### Extracted data ###

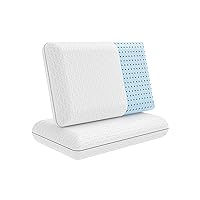 Gel Memory Foam Pillow 2 Pack - King Size - Ventilated, Bed Pillows with Viscose Made from Bamboo Pillow Cover,Cooling, Bed Pillows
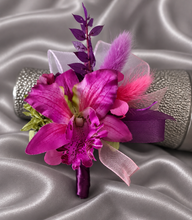 Load image into Gallery viewer, Bright pink fuchsia orchid corsage & buttonhole AB2133 - School formal, prom, graduation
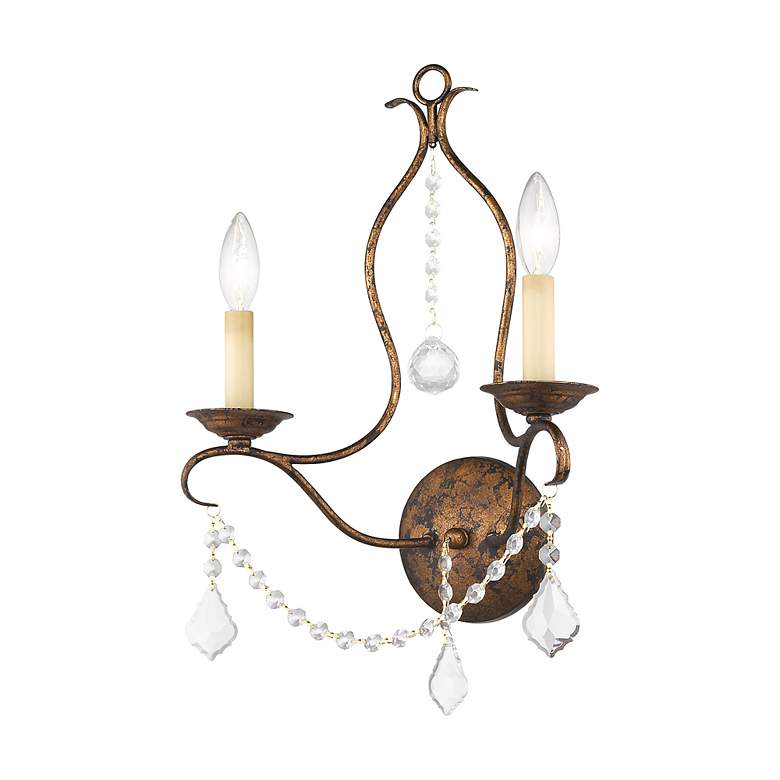 Image 5 Chesterfield 2 Light Hand Applied Venetian Golden Bronze Wall Sconce more views
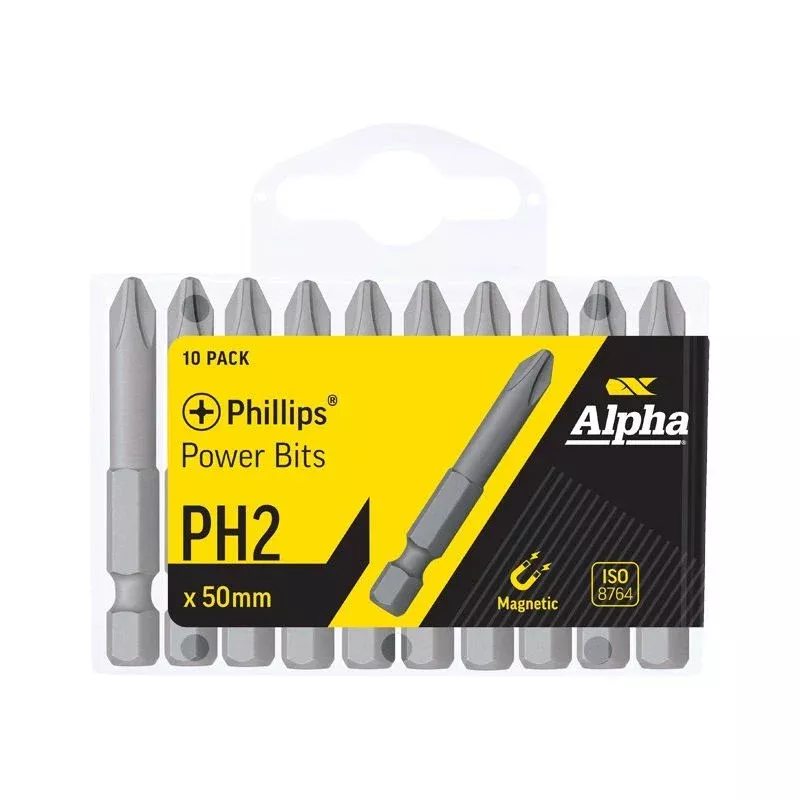 #2 x 50mm Phillips Power Bit - Handipack (x10) | Alpha
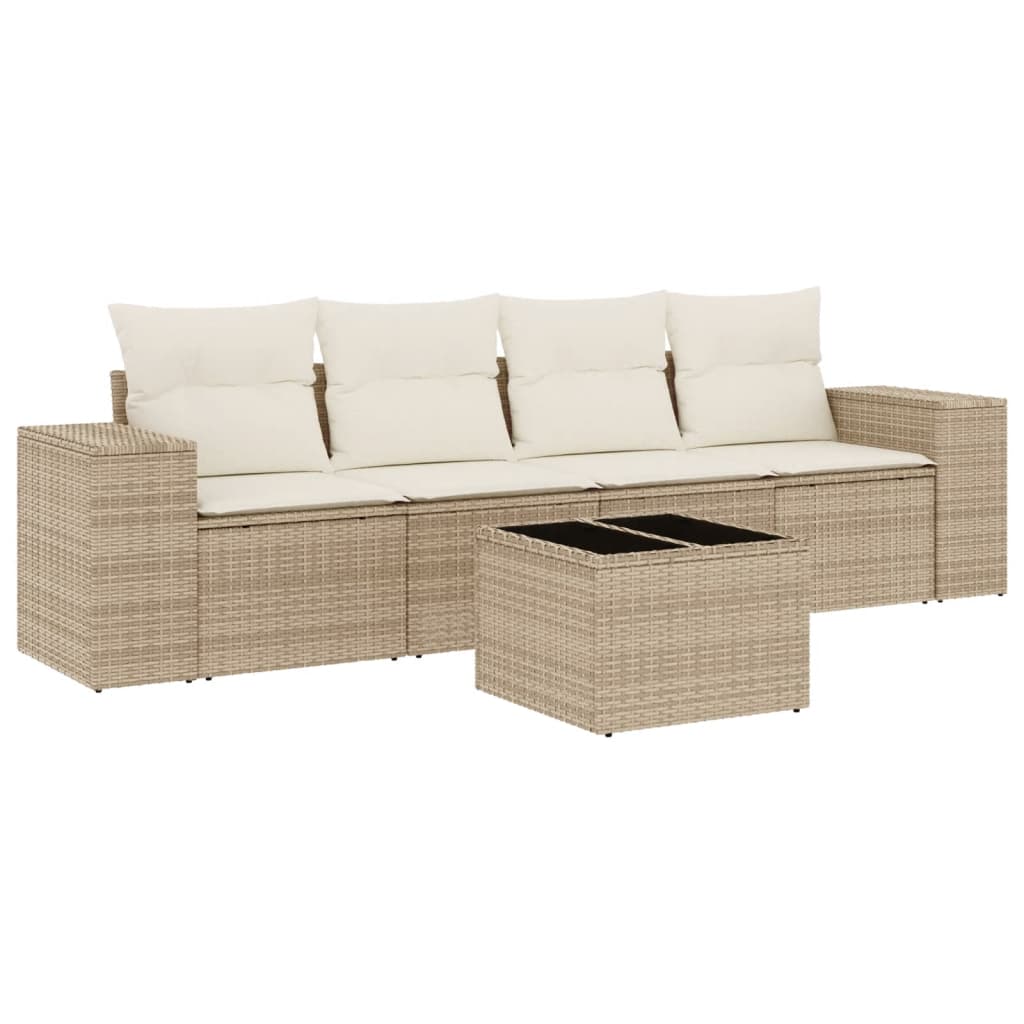 Set Divano da Giardino 5 pz con Cuscini Beige in Polyrattan - homemem39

###

- Task description
Set down word for word, from the line that contains "Image 5 Chesterfield" to the end of the listing above, every line and no picture.

- Task solution
 Image 5 Chesterfield 2 Light Hand Applied Venetian Golden Bronze Wall Sconce more views
 #2 x 50mm Phillips Power Bit - Handipack (x10) | Alpha
 Set Divano da Giardino 5 pz con Cuscini Beige in Polyrattan - homemem39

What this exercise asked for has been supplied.